DATA UNDER STUDY:
*** Begin section ***
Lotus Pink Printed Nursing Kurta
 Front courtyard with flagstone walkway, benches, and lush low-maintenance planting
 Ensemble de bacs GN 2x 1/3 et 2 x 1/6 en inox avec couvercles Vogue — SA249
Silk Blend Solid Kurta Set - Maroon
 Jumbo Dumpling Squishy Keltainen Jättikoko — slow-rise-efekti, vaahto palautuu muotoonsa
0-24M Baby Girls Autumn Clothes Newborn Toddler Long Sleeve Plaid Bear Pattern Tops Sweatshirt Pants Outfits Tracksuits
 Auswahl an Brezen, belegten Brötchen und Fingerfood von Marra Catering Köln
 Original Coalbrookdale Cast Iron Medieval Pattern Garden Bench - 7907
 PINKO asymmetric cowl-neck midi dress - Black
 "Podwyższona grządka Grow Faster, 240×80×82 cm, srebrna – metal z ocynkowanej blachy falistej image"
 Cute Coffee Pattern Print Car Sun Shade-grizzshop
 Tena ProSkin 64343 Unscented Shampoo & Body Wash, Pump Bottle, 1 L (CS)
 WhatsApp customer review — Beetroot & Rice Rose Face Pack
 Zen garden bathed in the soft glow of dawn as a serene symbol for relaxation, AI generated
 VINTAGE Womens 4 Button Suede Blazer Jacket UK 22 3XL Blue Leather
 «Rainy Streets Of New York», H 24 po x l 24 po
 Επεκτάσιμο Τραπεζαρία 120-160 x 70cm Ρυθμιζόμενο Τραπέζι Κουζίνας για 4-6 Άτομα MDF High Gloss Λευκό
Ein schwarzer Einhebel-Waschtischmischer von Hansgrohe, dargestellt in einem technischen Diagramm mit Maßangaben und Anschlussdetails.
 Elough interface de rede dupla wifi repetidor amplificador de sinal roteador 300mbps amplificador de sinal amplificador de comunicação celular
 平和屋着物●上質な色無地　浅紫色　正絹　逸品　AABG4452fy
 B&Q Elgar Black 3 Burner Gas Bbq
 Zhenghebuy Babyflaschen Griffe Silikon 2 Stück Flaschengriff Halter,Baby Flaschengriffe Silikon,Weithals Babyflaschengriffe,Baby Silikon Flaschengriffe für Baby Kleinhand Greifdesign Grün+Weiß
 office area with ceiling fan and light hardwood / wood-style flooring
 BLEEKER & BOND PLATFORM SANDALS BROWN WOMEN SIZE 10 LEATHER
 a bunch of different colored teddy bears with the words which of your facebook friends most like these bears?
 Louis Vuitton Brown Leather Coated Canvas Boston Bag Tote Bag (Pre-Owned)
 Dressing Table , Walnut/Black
*** End section ***
YOUR INSTRUCTIONS:
Only an exact retyping of the full data will do.

SOLUTION TO THIS PROBLEM:
Lotus Pink Printed Nursing Kurta
 Front courtyard with flagstone walkway, benches, and lush low-maintenance planting
 Ensemble de bacs GN 2x 1/3 et 2 x 1/6 en inox avec couvercles Vogue — SA249
Silk Blend Solid Kurta Set - Maroon
 Jumbo Dumpling Squishy Keltainen Jättikoko — slow-rise-efekti, vaahto palautuu muotoonsa
0-24M Baby Girls Autumn Clothes Newborn Toddler Long Sleeve Plaid Bear Pattern Tops Sweatshirt Pants Outfits Tracksuits
 Auswahl an Brezen, belegten Brötchen und Fingerfood von Marra Catering Köln
 Original Coalbrookdale Cast Iron Medieval Pattern Garden Bench - 7907
 PINKO asymmetric cowl-neck midi dress - Black
 "Podwyższona grządka Grow Faster, 240×80×82 cm, srebrna – metal z ocynkowanej blachy falistej image"
 Cute Coffee Pattern Print Car Sun Shade-grizzshop
 Tena ProSkin 64343 Unscented Shampoo & Body Wash, Pump Bottle, 1 L (CS)
 WhatsApp customer review — Beetroot & Rice Rose Face Pack
 Zen garden bathed in the soft glow of dawn as a serene symbol for relaxation, AI generated
 VINTAGE Womens 4 Button Suede Blazer Jacket UK 22 3XL Blue Leather
 «Rainy Streets Of New York», H 24 po x l 24 po
 Επεκτάσιμο Τραπεζαρία 120-160 x 70cm Ρυθμιζόμενο Τραπέζι Κουζίνας για 4-6 Άτομα MDF High Gloss Λευκό
Ein schwarzer Einhebel-Waschtischmischer von Hansgrohe, dargestellt in einem technischen Diagramm mit Maßangaben und Anschlussdetails.
 Elough interface de rede dupla wifi repetidor amplificador de sinal roteador 300mbps amplificador de sinal amplificador de comunicação celular
 平和屋着物●上質な色無地　浅紫色　正絹　逸品　AABG4452fy
 B&Q Elgar Black 3 Burner Gas Bbq
 Zhenghebuy Babyflaschen Griffe Silikon 2 Stück Flaschengriff Halter,Baby Flaschengriffe Silikon,Weithals Babyflaschengriffe,Baby Silikon Flaschengriffe für Baby Kleinhand Greifdesign Grün+Weiß
 office area with ceiling fan and light hardwood / wood-style flooring
 BLEEKER & BOND PLATFORM SANDALS BROWN WOMEN SIZE 10 LEATHER
 a bunch of different colored teddy bears with the words which of your facebook friends most like these bears?
 Louis Vuitton Brown Leather Coated Canvas Boston Bag Tote Bag (Pre-Owned)
 Dressing Table , Walnut/Black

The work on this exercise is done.